# WHAT THE EXERCISE ASKS
Could you write out the records below exactly, without omitting a line?

(Beginning of MATERIAL PROVIDED)

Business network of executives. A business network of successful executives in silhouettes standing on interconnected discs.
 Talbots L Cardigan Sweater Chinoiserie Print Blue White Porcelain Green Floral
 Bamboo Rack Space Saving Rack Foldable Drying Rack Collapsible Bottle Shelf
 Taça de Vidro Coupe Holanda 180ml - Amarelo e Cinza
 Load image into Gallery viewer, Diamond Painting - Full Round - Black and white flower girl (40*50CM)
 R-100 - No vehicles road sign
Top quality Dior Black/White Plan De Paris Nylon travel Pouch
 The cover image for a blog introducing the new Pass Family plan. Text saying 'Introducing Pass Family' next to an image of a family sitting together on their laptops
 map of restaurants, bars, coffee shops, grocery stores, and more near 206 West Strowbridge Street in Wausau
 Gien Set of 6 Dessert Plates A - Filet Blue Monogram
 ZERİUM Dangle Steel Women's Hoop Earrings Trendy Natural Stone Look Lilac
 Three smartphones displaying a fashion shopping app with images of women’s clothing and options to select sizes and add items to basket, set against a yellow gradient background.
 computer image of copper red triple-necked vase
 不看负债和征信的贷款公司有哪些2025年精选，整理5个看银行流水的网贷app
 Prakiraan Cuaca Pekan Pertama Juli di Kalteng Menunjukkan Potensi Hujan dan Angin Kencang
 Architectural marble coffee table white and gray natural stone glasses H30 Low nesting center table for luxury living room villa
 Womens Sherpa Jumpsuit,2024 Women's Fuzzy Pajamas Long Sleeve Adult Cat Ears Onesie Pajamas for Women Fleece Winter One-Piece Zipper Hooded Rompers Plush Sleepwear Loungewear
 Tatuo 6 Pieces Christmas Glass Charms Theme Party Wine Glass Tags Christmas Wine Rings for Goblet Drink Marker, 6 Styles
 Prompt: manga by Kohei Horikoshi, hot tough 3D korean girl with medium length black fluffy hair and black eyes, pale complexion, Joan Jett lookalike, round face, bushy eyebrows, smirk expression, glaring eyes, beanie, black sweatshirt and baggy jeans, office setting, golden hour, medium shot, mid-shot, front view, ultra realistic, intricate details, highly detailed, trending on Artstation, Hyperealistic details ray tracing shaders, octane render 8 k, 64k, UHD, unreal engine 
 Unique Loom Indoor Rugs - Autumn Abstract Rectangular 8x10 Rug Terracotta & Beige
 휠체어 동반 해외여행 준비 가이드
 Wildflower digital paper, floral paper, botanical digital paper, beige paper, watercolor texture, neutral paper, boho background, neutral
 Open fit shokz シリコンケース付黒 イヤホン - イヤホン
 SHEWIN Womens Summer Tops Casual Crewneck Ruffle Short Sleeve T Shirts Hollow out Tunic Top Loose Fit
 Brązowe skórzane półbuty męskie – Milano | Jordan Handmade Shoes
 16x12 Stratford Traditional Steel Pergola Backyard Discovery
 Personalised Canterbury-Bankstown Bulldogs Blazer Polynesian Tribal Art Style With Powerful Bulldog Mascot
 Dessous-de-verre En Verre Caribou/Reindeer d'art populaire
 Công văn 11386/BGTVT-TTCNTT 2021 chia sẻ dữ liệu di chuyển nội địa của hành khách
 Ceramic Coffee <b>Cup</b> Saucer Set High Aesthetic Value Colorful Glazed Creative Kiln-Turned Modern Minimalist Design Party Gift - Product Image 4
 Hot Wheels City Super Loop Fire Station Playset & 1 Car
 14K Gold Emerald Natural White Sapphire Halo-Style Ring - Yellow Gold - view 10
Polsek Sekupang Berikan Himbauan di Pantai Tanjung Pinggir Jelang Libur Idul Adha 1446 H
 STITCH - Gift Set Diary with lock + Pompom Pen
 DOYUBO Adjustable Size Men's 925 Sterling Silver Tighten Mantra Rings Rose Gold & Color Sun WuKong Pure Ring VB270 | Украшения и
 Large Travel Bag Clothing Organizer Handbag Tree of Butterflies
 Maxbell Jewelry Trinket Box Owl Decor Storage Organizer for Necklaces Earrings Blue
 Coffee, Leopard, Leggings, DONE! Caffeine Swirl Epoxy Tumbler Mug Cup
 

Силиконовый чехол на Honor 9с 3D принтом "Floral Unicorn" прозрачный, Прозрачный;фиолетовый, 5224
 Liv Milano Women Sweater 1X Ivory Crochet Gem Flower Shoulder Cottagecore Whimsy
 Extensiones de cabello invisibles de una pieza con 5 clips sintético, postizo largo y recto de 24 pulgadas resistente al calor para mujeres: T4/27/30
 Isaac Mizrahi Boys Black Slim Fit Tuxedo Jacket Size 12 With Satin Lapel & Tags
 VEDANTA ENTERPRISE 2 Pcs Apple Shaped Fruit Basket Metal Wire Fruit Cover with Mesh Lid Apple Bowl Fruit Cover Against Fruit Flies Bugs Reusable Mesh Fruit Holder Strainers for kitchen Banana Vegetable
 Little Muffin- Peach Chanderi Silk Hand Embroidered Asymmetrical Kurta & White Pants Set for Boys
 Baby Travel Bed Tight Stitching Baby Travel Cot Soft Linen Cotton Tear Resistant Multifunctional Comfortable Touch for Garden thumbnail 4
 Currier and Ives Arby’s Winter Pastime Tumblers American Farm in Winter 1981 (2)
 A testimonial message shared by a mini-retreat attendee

(End of MATERIAL PROVIDED)

# PROBLEM SOLUTION
Business network of executives. A business network of successful executives in silhouettes standing on interconnected discs.
 Talbots L Cardigan Sweater Chinoiserie Print Blue White Porcelain Green Floral
 Bamboo Rack Space Saving Rack Foldable Drying Rack Collapsible Bottle Shelf
 Taça de Vidro Coupe Holanda 180ml - Amarelo e Cinza
 Load image into Gallery viewer, Diamond Painting - Full Round - Black and white flower girl (40*50CM)
 R-100 - No vehicles road sign
Top quality Dior Black/White Plan De Paris Nylon travel Pouch
 The cover image for a blog introducing the new Pass Family plan. Text saying 'Introducing Pass Family' next to an image of a family sitting together on their laptops
 map of restaurants, bars, coffee shops, grocery stores, and more near 206 West Strowbridge Street in Wausau
 Gien Set of 6 Dessert Plates A - Filet Blue Monogram
 ZERİUM Dangle Steel Women's Hoop Earrings Trendy Natural Stone Look Lilac
 Three smartphones displaying a fashion shopping app with images of women’s clothing and options to select sizes and add items to basket, set against a yellow gradient background.
 computer image of copper red triple-necked vase
 不看负债和征信的贷款公司有哪些2025年精选，整理5个看银行流水的网贷app
 Prakiraan Cuaca Pekan Pertama Juli di Kalteng Menunjukkan Potensi Hujan dan Angin Kencang
 Architectural marble coffee table white and gray natural stone glasses H30 Low nesting center table for luxury living room villa
 Womens Sherpa Jumpsuit,2024 Women's Fuzzy Pajamas Long Sleeve Adult Cat Ears Onesie Pajamas for Women Fleece Winter One-Piece Zipper Hooded Rompers Plush Sleepwear Loungewear
 Tatuo 6 Pieces Christmas Glass Charms Theme Party Wine Glass Tags Christmas Wine Rings for Goblet Drink Marker, 6 Styles
 Prompt: manga by Kohei Horikoshi, hot tough 3D korean girl with medium length black fluffy hair and black eyes, pale complexion, Joan Jett lookalike, round face, bushy eyebrows, smirk expression, glaring eyes, beanie, black sweatshirt and baggy jeans, office setting, golden hour, medium shot, mid-shot, front view, ultra realistic, intricate details, highly detailed, trending on Artstation, Hyperealistic details ray tracing shaders, octane render 8 k, 64k, UHD, unreal engine 
 Unique Loom Indoor Rugs - Autumn Abstract Rectangular 8x10 Rug Terracotta & Beige
 휠체어 동반 해외여행 준비 가이드
 Wildflower digital paper, floral paper, botanical digital paper, beige paper, watercolor texture, neutral paper, boho background, neutral
 Open fit shokz シリコンケース付黒 イヤホン - イヤホン
 SHEWIN Womens Summer Tops Casual Crewneck Ruffle Short Sleeve T Shirts Hollow out Tunic Top Loose Fit
 Brązowe skórzane półbuty męskie – Milano | Jordan Handmade Shoes
 16x12 Stratford Traditional Steel Pergola Backyard Discovery
 Personalised Canterbury-Bankstown Bulldogs Blazer Polynesian Tribal Art Style With Powerful Bulldog Mascot
 Dessous-de-verre En Verre Caribou/Reindeer d'art populaire
 Công văn 11386/BGTVT-TTCNTT 2021 chia sẻ dữ liệu di chuyển nội địa của hành khách
 Ceramic Coffee <b>Cup</b> Saucer Set High Aesthetic Value Colorful Glazed Creative Kiln-Turned Modern Minimalist Design Party Gift - Product Image 4
 Hot Wheels City Super Loop Fire Station Playset & 1 Car
 14K Gold Emerald Natural White Sapphire Halo-Style Ring - Yellow Gold - view 10
Polsek Sekupang Berikan Himbauan di Pantai Tanjung Pinggir Jelang Libur Idul Adha 1446 H
 STITCH - Gift Set Diary with lock + Pompom Pen
 DOYUBO Adjustable Size Men's 925 Sterling Silver Tighten Mantra Rings Rose Gold & Color Sun WuKong Pure Ring VB270 | Украшения и
 Large Travel Bag Clothing Organizer Handbag Tree of Butterflies
 Maxbell Jewelry Trinket Box Owl Decor Storage Organizer for Necklaces Earrings Blue
 Coffee, Leopard, Leggings, DONE! Caffeine Swirl Epoxy Tumbler Mug Cup
 

Силиконовый чехол на Honor 9с 3D принтом "Floral Unicorn" прозрачный, Прозрачный;фиолетовый, 5224
 Liv Milano Women Sweater 1X Ivory Crochet Gem Flower Shoulder Cottagecore Whimsy
 Extensiones de cabello invisibles de una pieza con 5 clips sintético, postizo largo y recto de 24 pulgadas resistente al calor para mujeres: T4/27/30
 Isaac Mizrahi Boys Black Slim Fit Tuxedo Jacket Size 12 With Satin Lapel & Tags
 VEDANTA ENTERPRISE 2 Pcs Apple Shaped Fruit Basket Metal Wire Fruit Cover with Mesh Lid Apple Bowl Fruit Cover Against Fruit Flies Bugs Reusable Mesh Fruit Holder Strainers for kitchen Banana Vegetable
 Little Muffin- Peach Chanderi Silk Hand Embroidered Asymmetrical Kurta & White Pants Set for Boys
 Baby Travel Bed Tight Stitching Baby Travel Cot Soft Linen Cotton Tear Resistant Multifunctional Comfortable Touch for Garden thumbnail 4
 Currier and Ives Arby’s Winter Pastime Tumblers American Farm in Winter 1981 (2)
 A testimonial message shared by a mini-retreat attendee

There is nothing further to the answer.